The ZR's numbers are probably a little high. they were about 102 -105 before APV and 105 - 107 w/APV. The new 600 H.O. Rotax will range in the 115 - 120 area. The 700 Rotax twin was the class leader until Polaris put the exhaust valves in their 700. Almost the same story with the 800 except the Cat had about 3 - 5 over the Rotax 800 and about 6 - 8 over pre-valved Polaris 800's. Since Polaris builds their own engines now, they seem to be committed to match or beat anyone else's HP numbers unlike the Fuji days. The problem with Ski-Doo(I think more than Rotax) is a reluctance to get into a large scale HP war. This probably stems from the upcoming EPA standards for emissions and what technology/costs will be needed to meet those standards. Right now the Rotax 440, 600 H.O., 800 H.O., and 800 triple meet or exceed the competition. The regular 800 twin is holding it's own in the REV chassis with less HP. The 500 and the 700 twins is where the big problem is. I think Ski-Doo is satisfied with letting the 440 cover for the 500 in a racing situation but the 700 is a different story. I think the Firecat 700 will mean changes for both Doo and Polaris but how soon? Polaris will probably bump up their 600 and 700's to meet or beat the 600 H.O. and F7 but I think Doo is going sit on the sidelines until they get a 700 SDI perfected that will meet 2006 EPA standards.
I think Gunner is correct that the cycle will go on and on.
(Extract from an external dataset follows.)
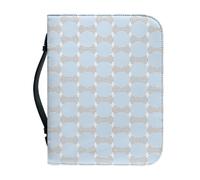 Funda Para Libros Círculo Azul Funda Bíblica De Cuero Pu, Lavable Duradera Cremallera Y Muchos Bolsillos Interiores Funda Protectora Para Libros Mujeres Y Hombres 25.9x4.6cm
Doo had to spend a bunch on R&D for the Rev and the 600 & 800 HO Engine. It is a giant shift in design and that doesn't come cheap. Also the Sea-Doo market is sweet for them and they have a big enough lead in that arena that they can coast for a year or two and put that money elsewhere.
Polaris holds the largest market share for sleds and they don't plan on losing that anytime soon. 2003 may seem like an off year but the Pro X and RMK line is pretty strong under its old skin. BUT a lot of money went into their other lines ATV Predator, MSX Watercraft, and Victory Vegas Cycles. The money is in ATV's and Motorcycles, not Sleds(small overall market).
Cat - Well they have their faithful for sleds and a growing ATV line. The Firecat is a great accomplishment and will be refined in another year and they will get the rewards just like they did with the ZR line. Notice they are putting some money back in the Moutain segment now as well. But they also don't work their production plant year round. Saves some money there.
Yamaha- A huge company that puts sleds 4th or 5th on their priority list. Develope for cycles and apply elsewhere, its a game plan that is working good for them.
But 2006 EPA will be a big one. I'd look for a lot of idea sharing between POL, DOO and CAT. One thing nice about Doo is they don't mind leasing their idea's ie RER/PERC etc.... Just my 2 Cents
I think that Ski-Doo does a good job at keeping there powerband pretty wide, which is pretty important also. The ZR 600 has about the same peak hp as the old Doo 600, but with lower hp and torque numbers through much of the powerband. I myself like to see the manufacturers one up each other, it makes it more interesting.
Are these f7 hp#'s the estimated ones that cat has been advertising
or are they real world?It's about time cat made a good 700 twin as they
were the ones who brought it out first but it was so bad they dropped it,now they think they have a good 700 and drop the 600 ??? I am impressed with polaris' american built twins though.
Bean counters are the answer. Only a certain amount of money is allowed to be targeted towrds, r&d. There are usual several different designs being considdered, production cost, projected failure rates/warrenty issues, power output to name a few are all taken in account. Part of the problem lies in the use of a cylinder reed vs a case reed engine. From what I have seen the case reed engine design is more of a high rpm peak hp engine vs the series 111 cylinder reed motors mid range flat torque curve engine. But hey what the heII do know???